Chemically synthesized crRNA-mediated gene editing
When we analysed the indel frequency and patterns induced by Cpf1–RNP complexes, we found that several bases of DNA were inserted into the target sites with low frequencies (0.0028∼0.0233%) (Fig. 4a). These sequences were identical to part of the crRNA sequence, suggesting that the DNA template for in vitro crRNA transcription might be transfected with the Cpf1–RNP complexes into soybean protoplasts and inserted into the target site. Although we treated the reaction mixture with DNase to remove the DNA template after crRNA synthesis, a small amount of intact or fragmented DNA template might still remain in the solution. To eliminate unexpected integration of DNA fragments in transformed protoplasts, we transfected soybean protoplasts with Cpf1 protein and chemically synthesized crRNAs; the crRNA length (∼ 44 bp) for Cpf1 is much shorter than the length of guide RNA (∼100 bp) for SpCas9. We found that chemically synthesized crRNAs successfully induced indels at target sites with activity similar to that of transcribed crRNAs and eliminated the short insertions (Fig. 4b,c).

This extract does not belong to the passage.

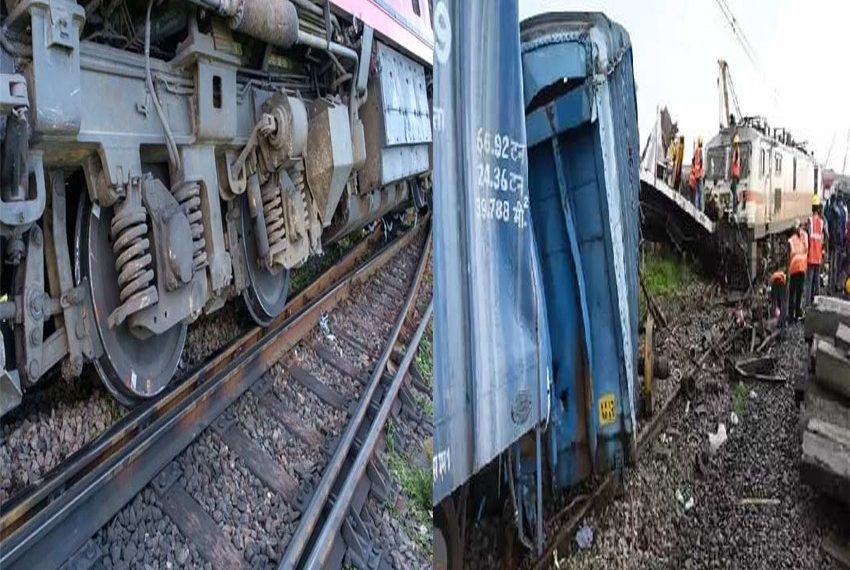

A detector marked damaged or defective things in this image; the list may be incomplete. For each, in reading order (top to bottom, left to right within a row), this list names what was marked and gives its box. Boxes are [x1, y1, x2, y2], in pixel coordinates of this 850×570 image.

rusty rail surface [0, 219, 428, 568]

We showed here that Cpf1–crRNA RNP complexes successfully induced indel mutations, mainly deletions of several base pairs, at two targeted loci simultaneously in the soybean genome. To implement Cpf1 as a plasmid-based genome-editing tool for plants, one should consider the host-plant-specific codon usage and choose appropriate promoters to express Cpf1 and crRNA in cells as shown in a recent report20, but these concerns can be circumvented by using the Cpf1–RNP system. In addition, Cpf1–RNPs can considerably reduce off-target mutations12. We cloned plant-codon optimized Cpf1 and mature crRNA into a plasmid that we used to express SpCas9 and guide RNA in protoplasts13. However, we failed to induce indels in protoplasts using this system (Supplementary Fig. 5a). Xu et al.20 recently showed the same result in rice; the delivery of a plasmid expressing Cpf1 proteins and mature crRNAs into the cells was not able to induce the targeted mutation. To solve this problem, Xu et al.20 delivered two different types of precursor crRNA and were able to edit the target sites with high levels of indel frequencies. In addition, we found that expression of the Cpf1 protein in protoplasts was not detectable (Supplementary Fig. 5b), suggesting that codon optimization is not the only issue to consider for optimizing Cpf1 protein expression in plant cells.
The Cpf1–RNP system has at least three potential benefits for plant genome editing compared with the Cas9 RNP system. First, Cpf1 crRNAs are shorter than Cas9 sgRNAs by ∼60 nucleotides, allowing us to use a chemically synthesized crRNA: no foreign DNA was inserted in the host genome using the RNP method when chemically synthesized crRNAs were used. Second, Cpf1 induces larger deletions in the target sites than does SpCas9. Lastly, the cleavage pattern of Cpf1 might assist the NHEJ-mediated insertion of donor DNAs. In our previous study, we edited a target gene in lettuce protoplasts using the SpCas9-RNP system and successfully regenerated whole plants from the protoplasts. To fully validate the viability of our Cpf1-mediated plant genome editing protocol for producing transgenic plants, we hope to generate whole plants from Cpf1–RNP-transfected protoplasts in the near future and confirm the heritability of mutations. The Cpf1–RNP system will be used as an additional tool to edit the plant genome without introducing foreign DNA.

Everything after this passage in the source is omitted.